I did an inspection on a well built home in good condition yesterday. The buyer is a realtor.

She is asking me to add 2 things to the report

  1. The rough square footage of the house which I measured quickly with my lazer measurer as a favor since the tax rolls showed it was a 4 bed of 2000 sf when it’s actually a 3 bed closer to 1800sf. My rough measurements came up to 1500 sf interior space (ie excluding the area of the interior walls). I’m sure this is not part of the SOP, and I don’t think it’s relevant to home inspection.

  2. A 2" x 2" x 3" triangle of missing concrete in the driveway where it goes under the garage door trim on the outside. It’s really small and not a safety or structural problem. In fact you have to be looking to even notice it.

I’m thinking I can put a note for the concrete in the report, but the square footage is not my concern and is only going to get me into hot water.


  1. Well… you could always make a comment that the home does not “appear” to “measure up” to the listed square footage, and call it out for an “Appraiser” or the local “Tax Man” to visit the home to confirm!

  2. Gap in concrete may allow rainwater to migrate below the garage slab. A qualified concrete specialist should perform any necessary repairs.


I agree with you about the square footage, just leave that be as it’s not relevant.
And sure, might as well put in the little concrete item.

I would not comment on sq footage. At least here in Oklahoma, you must report where sq ft was obtained and home inspectors isn’t a choice.

Little concrete, sure.

We don’t put sqft or age of home in our reports any more. I especially would not if someone specially asked for it because they obviously want to rely on it.

I use the sq. ft. indicated on the listing.

For private sales I do not report square footage

You could just add the words “I think the home is about…” before your square foot estimate, and then add the words “… but I could be wrong.” after your square foot estimate.

  1. I agree saying no.

  2. I would have already had in my report.

I just list what the mls shows (if there is one), and put (MLS) after the sq ft, same with age.

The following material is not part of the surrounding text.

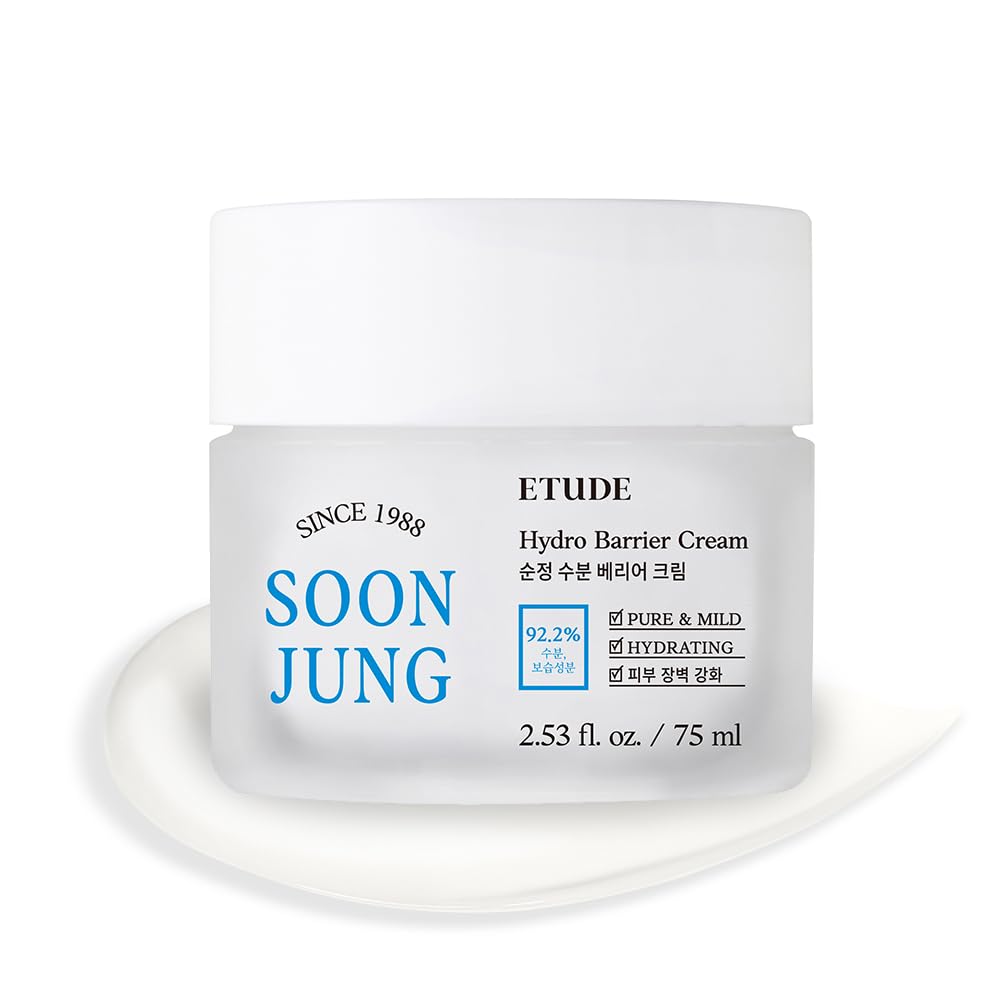 ETUDE Soonjung Hydro Barrier Cream Big Size, Face Moisturizer for Sensitive Skin, Moisturizing and Soothing Cream, 92.2% Hydrating Ingredients, Low pH Level 5.5, Korean Skin Care, Beauty (2.53 Fl Oz)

If I don’t know it, I just put “unknown”, or “approximately”.

Let the appraiser determine the square footage and next time, give the agent your laser measuring device so that she can calculate it herself rather than you getting into something that is not a part of your practice. Notice how the first favor (measuring the square footage) became the basis for requesting the second favor (contesting the listing)… Maybe the third favor is for you to draft a letter to the county appraiser contesting the property tax for her…

BTW: I don’t list things on reports that I don’t verify first hand. I don’t measure the house, so there’s no reason for me to make any assertion as to what the square footage is. It’s hearsay as far as I’m concerned and not relevant to a home inspection beyond price determination.

Sure. Comment on a missing piece of driveway concrete, but remember it’s only a molehill.

I agree with Chuck :slight_smile:

Thanks for all the great advice guys!

I put the appears to be and check with tax appraiser or appraiser. And it was actually a different piece of concrete she was talking about. Small cracks in the driveway I put them in.